British musician, dominatrix and bodybuilder (1961–2018)

Koulla Kakoulli (Κούλα Κακουλλή) (September 1961 – 2 or 3 August 2018) was an English musician, dominatrix known as Mistress Dometria, and international competitive bodybuilder. Her work was the subject of the feature-length documentary The Boss Lady.

==Background==
Kakoulli was born in September 1961 in Forest Hill, London, England.

As a musician, Kakoulli sang and played keyboards and guitar. She was a backing musician for solo artist Johnny Thunders and the rock band The Only Ones, featuring on The Only Ones albums The Only Ones (1978), Even Serpents Shine (1979) and Baby's Got a Gun (1980). She also fronted her own band Lonesome No More. Her sister Zena Kakoulli was married to the musician and record producer Peter Perrett and managed both bands. Her brother, Harri Kakoulli, later became the bassist of the rock band Squeeze.

Kakoulli competed in the International Bodybuilding and Fitness Association Ms. Universe Over 50 division, taking third place in the 2018 championships, and fourth place in the 2017 championship.
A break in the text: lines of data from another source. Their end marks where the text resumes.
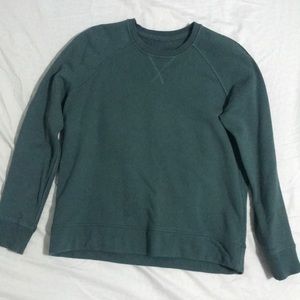 Lululemon forest green sweater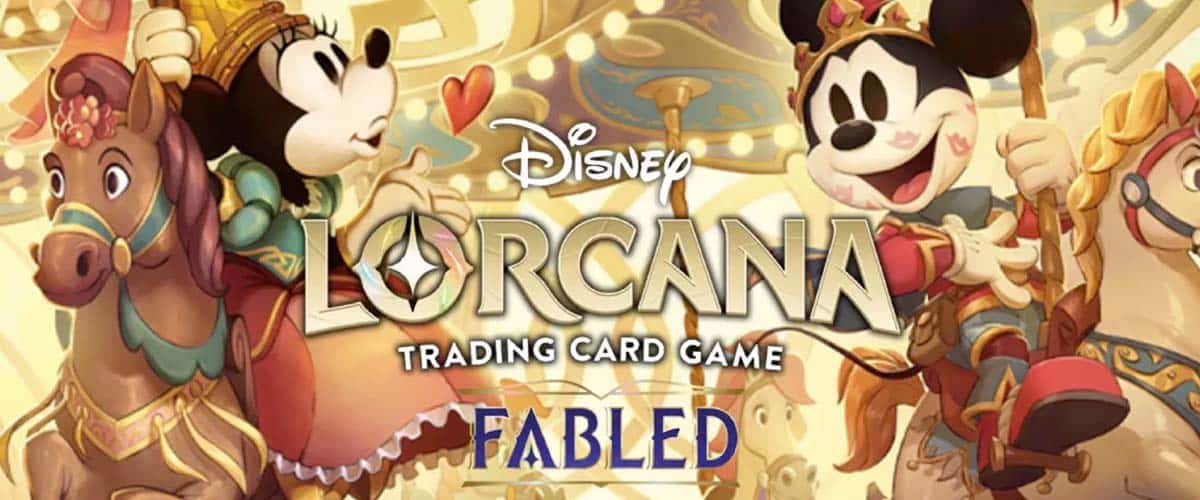 Lorcana: Leggende - Benvenuto nella Storia, un nuovo inizio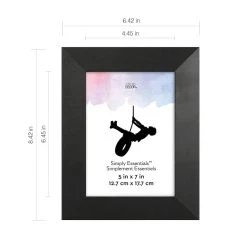 Best deal 🤩 12 Pack: Black Angled Molding 5" x 7" Frame, Simply Essentials™ by Studio Décor® by Studio Decor ✨ -Studio Decor shop 10208327 3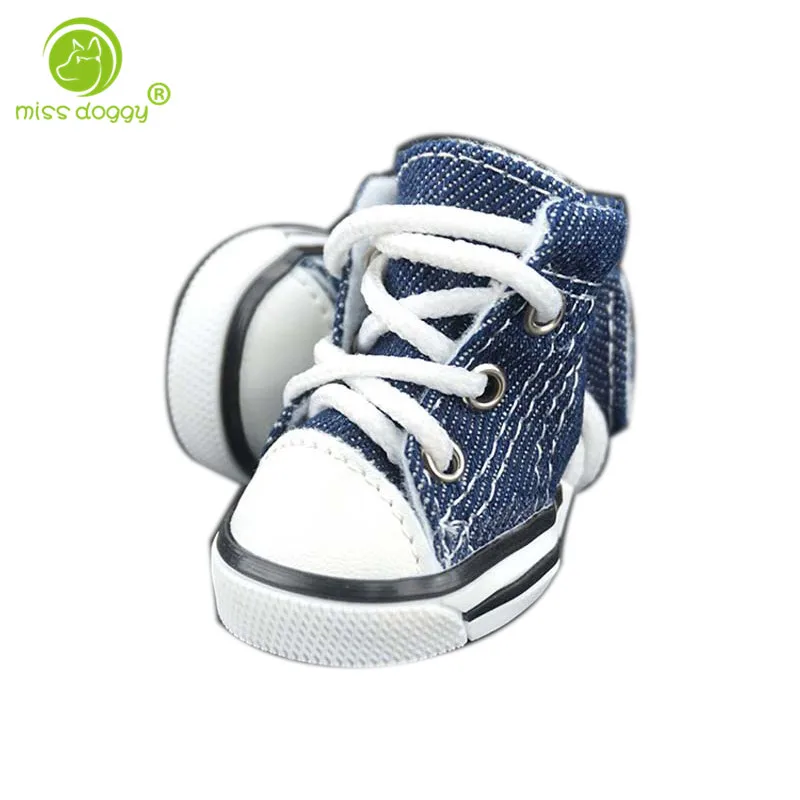 4 Pcs/Set Classic Simple Solid Color Pet Dogs Shoes High Quality Breathable Denim Shoes for Dogs Outdoor Casual Canvas Boots 10A
4 Pcs/Set Classic Simple Solid Color Pet Dogs Shoes High Quality Breathable Denim Shoes for Dogs Outdoor Casual Canvas Boots 10A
As a dominatrix, Kakoulli used the name Mistress Dometria, and operated the Brighton Dungeon, a BDSM studio. Her work was the subject of The Boss Lady, a feature-length documentary by Stephanie De Palma.
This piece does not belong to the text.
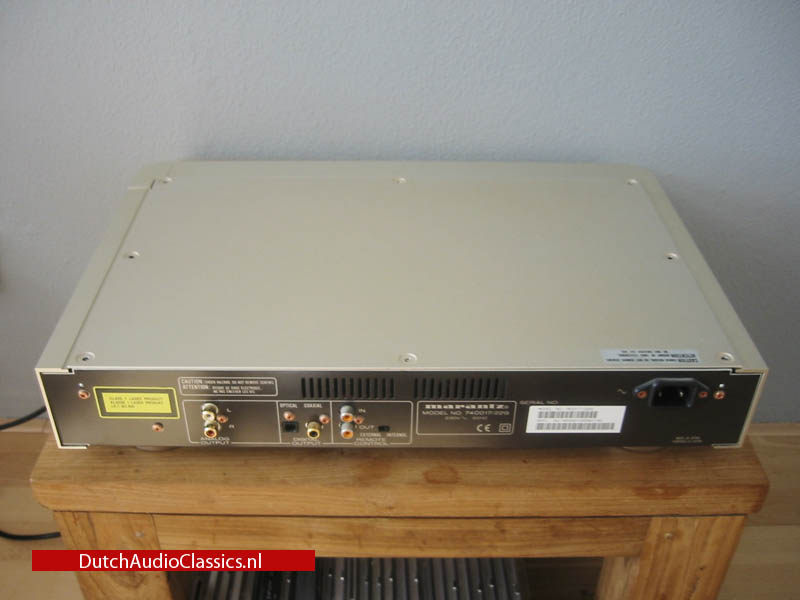 Marantz CD17 mkII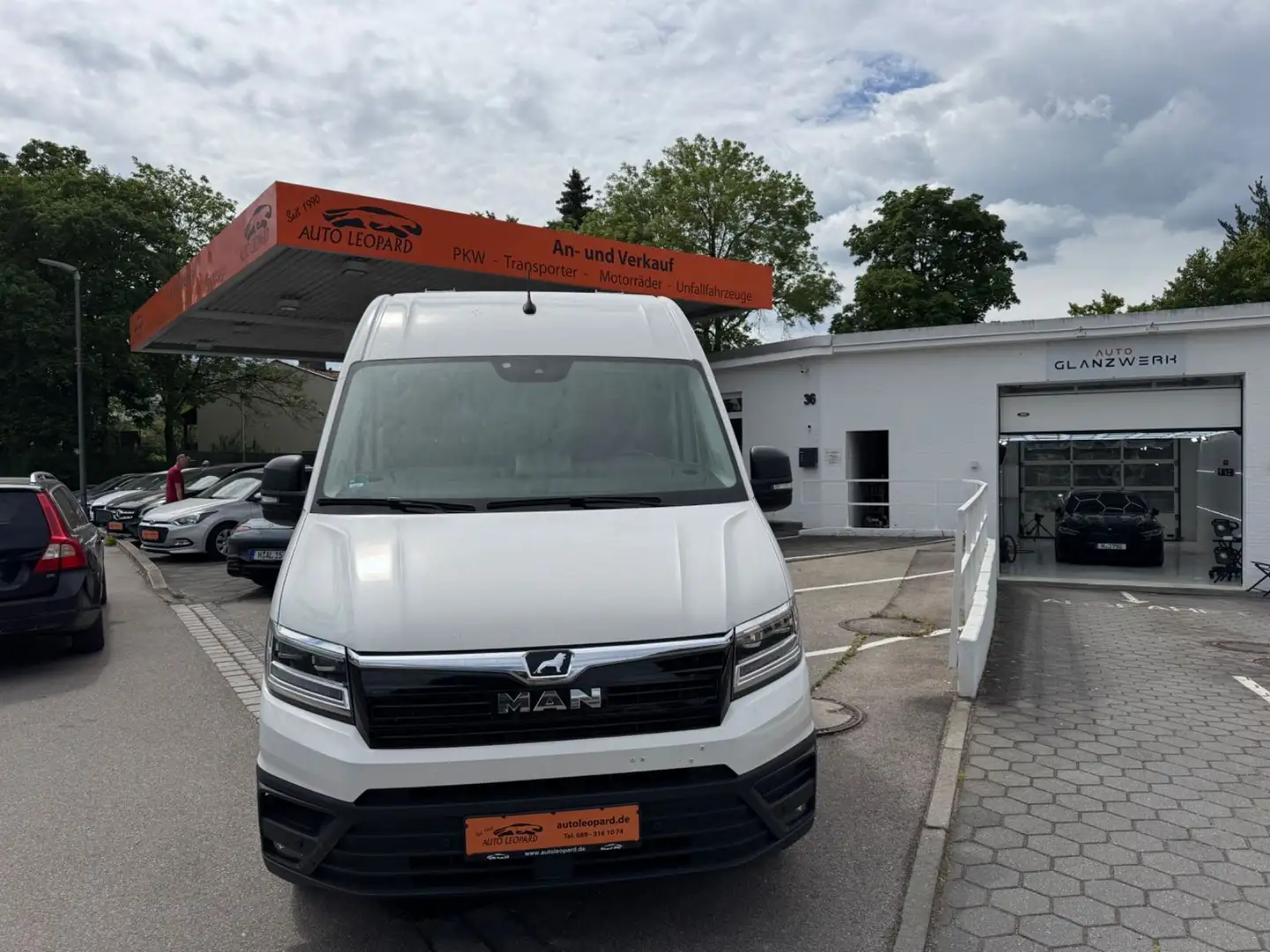 MAN TGE 5.180 L2H2 Blanc - 1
Kakoulli was a mother of five, and had four grandchildren. At the time of her death, she was mourning the death of the father of three of her children.

Kakoulli was found dead in the Brighton Dungeon on 3 August 2018, at the age of 56. Although traces of multiple class A drugs were found in her system, an inquest reached an open verdict. At the inquest into her death, the coroner described her thus: "Of the many people I've met, Koulla was one of the most amazing. Leading her life as she wanted to. Extraordinarily well organised with a huge number of people who loved her."

After Kakoulli's death, a minute's silence was held at the Kent Classic bodybuilding competition in August 2018.